» EXERCISE AIM: Your job is to transcribe all the records that follow, excluding any pictures.

» DATASET RECORDS:
--- START ---

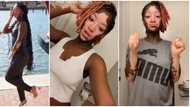 "You're really pretty": Lady with big patches of unique skin colour on her face & arms trends, video emerges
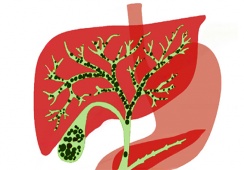 Sỏi gan 7,5mm nên mổ hay dùng cách tẩy sỏi gan 1 ngày?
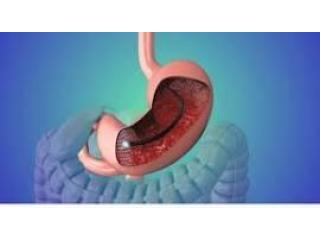 Therapeutic Endoscopy Specialist in Punjab – Dr. Nitin Behl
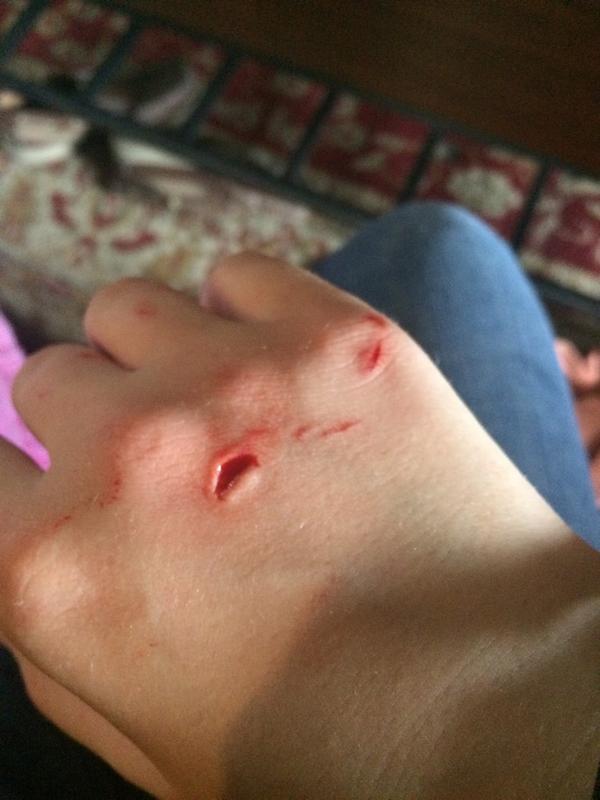 Peter_Pan12230's tweet image. Messed my hand up yesterday! #twostitches #stupid #hurtslikeabitch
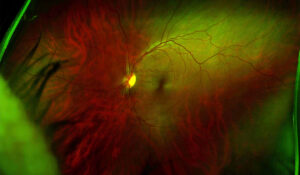 New Approach to Treating Neurodegenerative Eye Disease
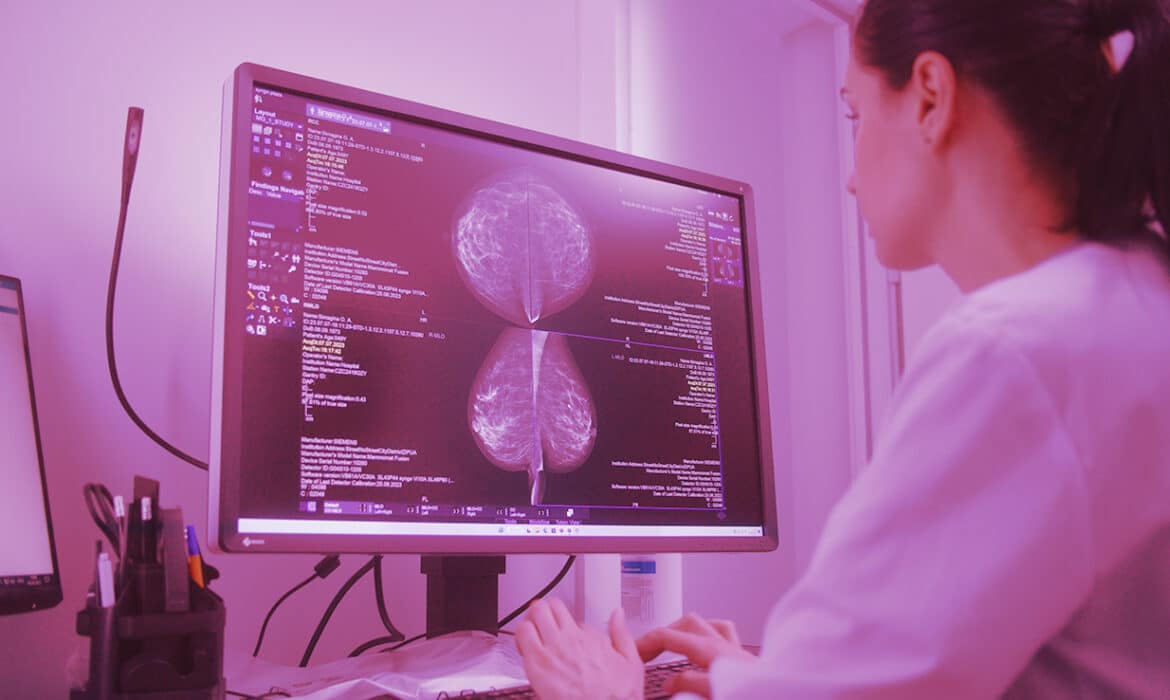 Diagnosing Breast Cancer with AI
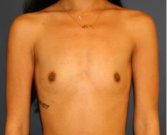 Breast Augmentation 126 - before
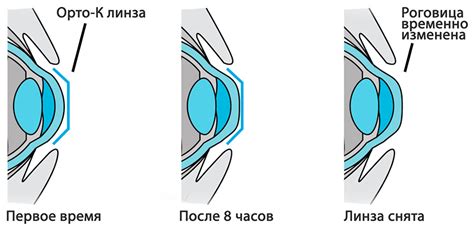 Правила снятия линз после коррекции зрения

--- END ---

» WRITTEN REPLY:
 "You're really pretty": Lady with big patches of unique skin colour on her face & arms trends, video emerges
 Sỏi gan 7,5mm nên mổ hay dùng cách tẩy sỏi gan 1 ngày?
 Therapeutic Endoscopy Specialist in Punjab – Dr. Nitin Behl
 Peter_Pan12230's tweet image. Messed my hand up yesterday! #twostitches #stupid #hurtslikeabitch
 New Approach to Treating Neurodegenerative Eye Disease
 Diagnosing Breast Cancer with AI
 Breast Augmentation 126 - before
 Правила снятия линз после коррекции зрения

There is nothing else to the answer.